California’s plan to generate energy using the wind would be harmful to the ecosystem, according to a leading environmentalist.
Michael Shellenberger, a leading climate and environmental activist, deems the technology expensive, unreliable, and “incredibly disruptive” to the environment, even as Gov. Gavin Newsom and the Biden administration tout the benefits of offshore wind development along California’s coast.
“It’s ironic, because [they] say they care about the natural environment [and] they don’t want to industrialize the oceans—[but] if you care about the environment, you should always be looking for ways to use less of it,” Shellenberger told The Epoch Times.
“During a heatwave—when you need to use a lot more energy for air conditioning—we won’t have that energy coming from that wind farm. So it’s not going to help at all for dealing with the energy shortages we have.”

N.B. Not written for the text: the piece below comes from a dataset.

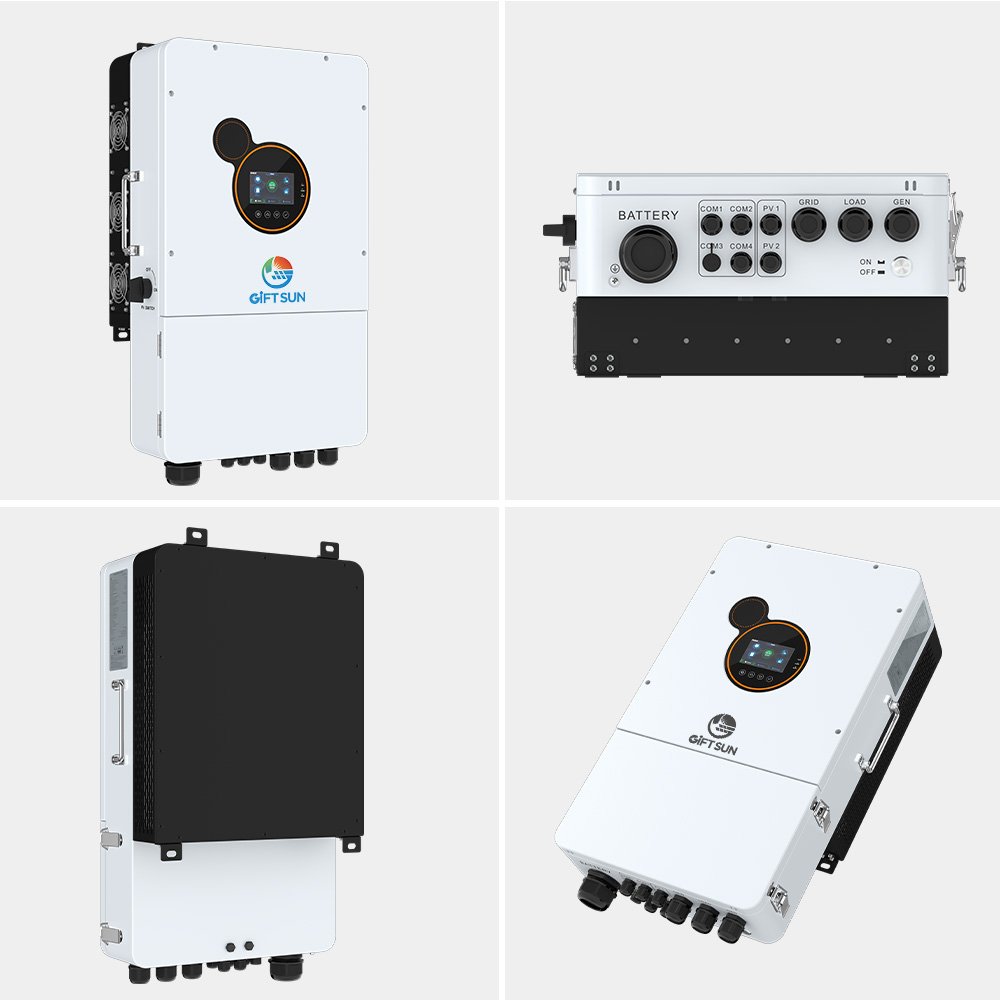 Srne Hybrid Us Version Sei-12k -up Split Phase Solar Power Inverter 48v 220v Solar Inverter With Mppt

“The problem is that we need power when the sun’s not shining [and] when the wind stops blowing,” he said.
Replacing Nuclear Power
The Biden administration’s development plan represents a coordinated endeavor by national climate adviser Gina McCarthy, Interior Secretary Deb Haaland, Undersecretary of Defense for Policy Dr. Colin Kahl, and Newsom to deploy 30 gigawatts (GW) of offshore wind energy across the country by 2030.Shellenberger contends that it won’t be nearly enough.
“[But] it would only provide half the power total of Diablo Canyon, [which] provides power for 3 million people. … You can’t replace a reliable source of energy with an unreliable one. If the wind isn’t blowing, then you’re not gonna generate any electricity.”
Nancy Rader, executive director of the California Wind Energy Association, called the offshore project “a major breakthrough,” but acknowledged it would be a “huge challenge.”
Lessons From Solar
Shellenberger said energy provided by weather-dependent renewables represents a paradox.“[They] don’t generate electricity when you need them.”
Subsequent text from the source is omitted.